In a context of soaring construction costs and delays, CORPIQ believes the Quebec government has made the right choice by extending direct financial assistance to an additional 600 households to help them secure housing, while also accelerating the delivery of already announced social housing projects.
More specifically, CORPIQ welcomes the approximately $18 million in additional direct assistance for tenants with urgent and specific housing needs. This support will allow them to secure housing in the private market without spending more than 25% of their income on rent.
CORPIQ also considers the allocation of $250 million to accelerate the delivery of 5,000 already announced subsidized housing units to be justified, given that the longer these projects are delayed, the higher the average cost per unit becomes. However, the additional 500 AccèsLogis units included in the budget ($37 million) could have the effect of drawing tenants away from private rental housing.
“More housing units are available today than a year ago, particularly in Montreal, and tenants across Quebec are facing urgent and often temporary situations. They need financial assistance that is fast and flexible, not necessarily increasingly expensive construction projects that will only be completed several years from now,” said Hans Brouillette, CORPIQ’s Director of Public Affairs.
CORPIQ also notes that funding for the Rénovation Québec program will increase from $16 million to $36 million. Before celebrating the increase, however, the organization wants to see how municipalities will distribute these funds, what portion will be allocated to private rental housing, and under what criteria.

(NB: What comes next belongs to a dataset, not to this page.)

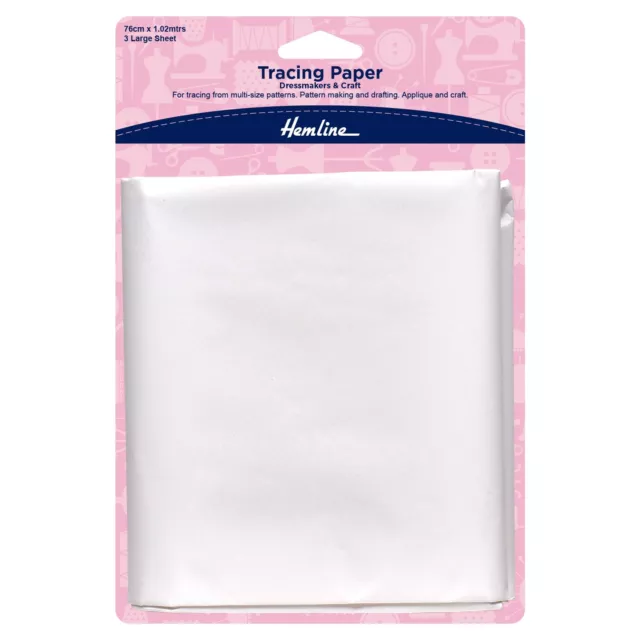 Confección Hemline Trazos Papel: 3 Hojas 76cm x 1 M. Patrón de Costura Creación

Quebec government is making renovation challenges worse
In his Budget Speech, the Minister of Finance announced $4.5 billion in infrastructure investments. Given the current labour shortages and rapidly rising costs for both construction workers and building materials, CORPIQ believes this will further aggravate conditions for the thousands of rental properties requiring renovation work to ensure that housing remains safe, functional, and available.

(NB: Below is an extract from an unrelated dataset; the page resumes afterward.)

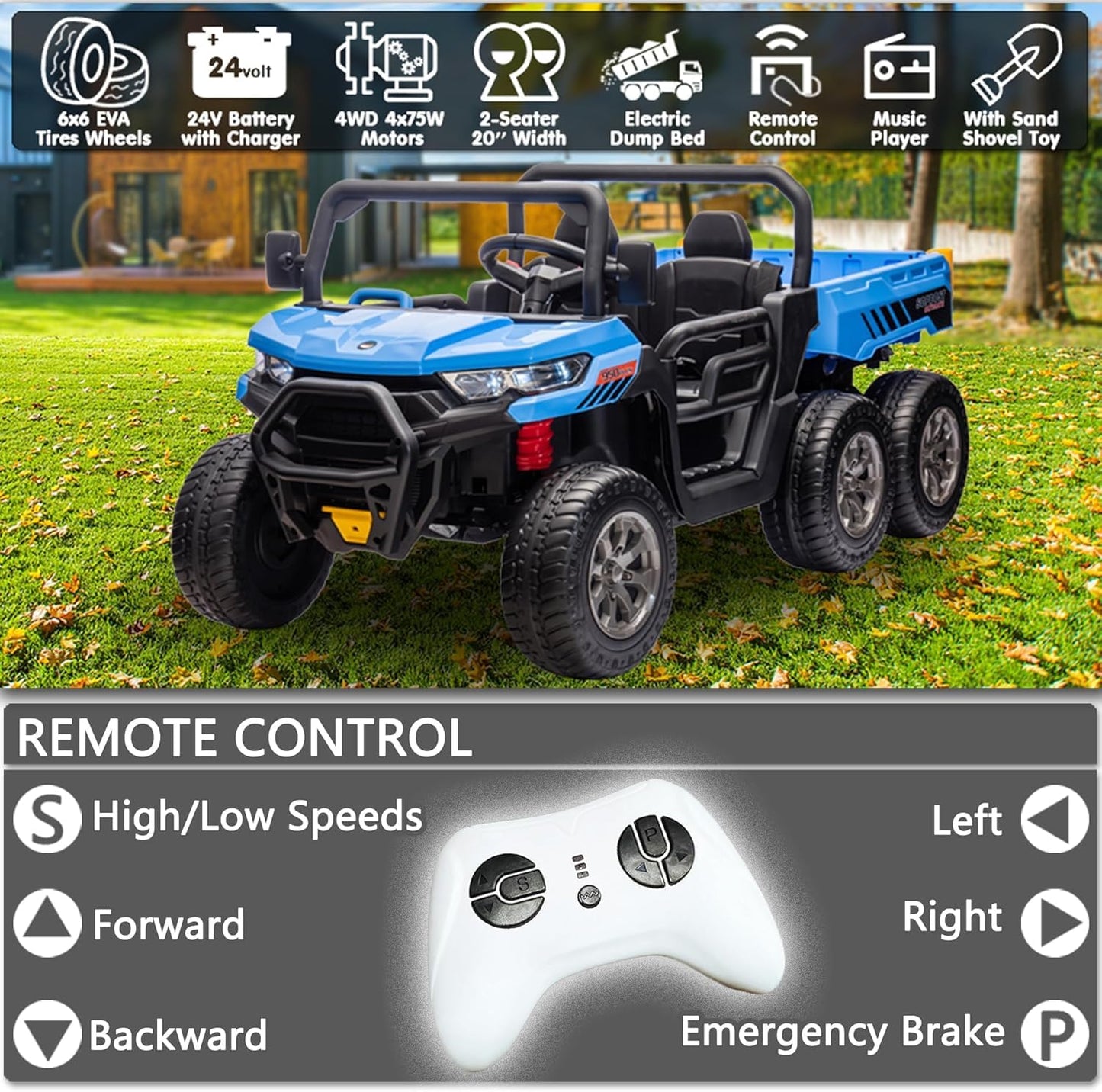sopbost 2 Seater 24V Kids Ride On Truck with Electric Dump Bed, 4WD Battery Powered Ride On Toy Car with Remote Control, Extra Shovel, Music Play, EVA Tires Wheels, Blue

“We recently received a refusal from Labour Minister Jean Boulet to modernize the outdated R-20 legislation governing construction labour, but the discussion cannot end there. The government must exempt existing rental housing buildings from this restrictive legislation. Workers covered by the Act are simply not interested in the types of renovation projects property owners need to undertake, and even if they were, the cost of that labour would be too high to keep rents affordable. Large-scale public infrastructure projects, combined with the housing construction boom, are absorbing available workers and making it increasingly difficult to maintain the rental housing stock where tenants live,” said Mr. Brouillette.